1 State Key Laboratory of Integrated Optoelectronics, Key Laboratory of Automobile Materials of MOE, Jilin Provincial International Cooperation Key Laboratory of High-Efficiency Clean Energy Materials, Electron Microscopy Center, and School of Materials Science and Engineering, Jilin University, Changchun 130012, China; 2 State Key Laboratory of Superhard Materials, College of Physics, Jilin University, Changchun 130012, China; 3 International Center of Computational Method and Software, Jilin University, Changchun 130012, China
Abstract With the rapid development of artificial intelligence and machine learning (ML) methods, materials science is rapidly entering the era of data-driven materials informatics. ML models serve as the most crucial component, closely bridging material structure and material properties. There is a considerable difference in the prediction performance of different ML methods for material systems. Herein, we evaluated three categories (linear, kernel, and nonlinear methods) of models, with twelve ML algorithms commonly used in the materials field.
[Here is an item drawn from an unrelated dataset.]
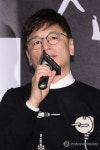 영화 소개하는 김용화 감독
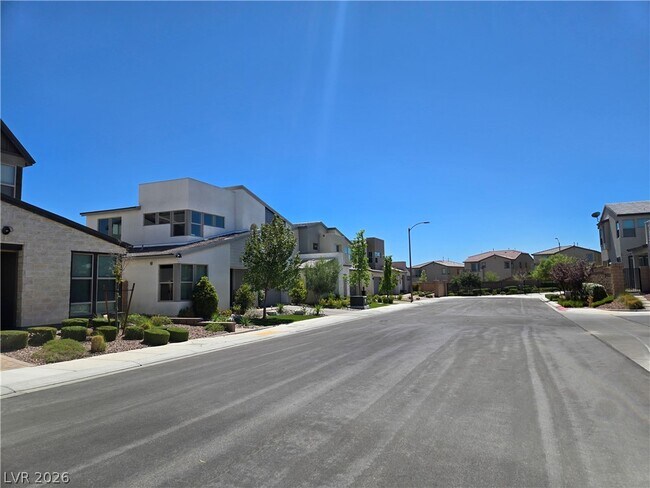 Building Photo - 8242 Skye Territory St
In addition, halide perovskite was chosen as an example to evaluate the fitting performance of different models. We constructed a total dataset of 540 halide perovskites and 72 features, with formation energy and bandgap as target properties. We found that different categories of ML models show similar trends for different target properties. Among them, the difference between the models is enormous for the formation energy, with the coefficient of determination (R2) range 0.69-0.953. The fitting performance between the models is closer for bandgap, with the R2 range 0.941-0.997. The nonlinear-ensemble model shows the best fitting performance for both the formation energy and the bandgap. It shows that the nonlinear-ensemble model, constructed by combining multiple weak learners, effectively describes the nonlinear relationship between material features and target property. In addition, the extreme gradient boosting decision tree model shows the most superior results among all the models and searches for two new descriptors that are crucial for formation energy and bandgap. Our work provides useful guidance for the selection of effective machine learning methods in the data-mining studies of specific material systems. The dataset that supported the findings of this study is available in Science Data Bank, with the link https://www.doi.org/10.11922/sciencedb.01611.
(Electronic structure of nanoscale materials and related systems)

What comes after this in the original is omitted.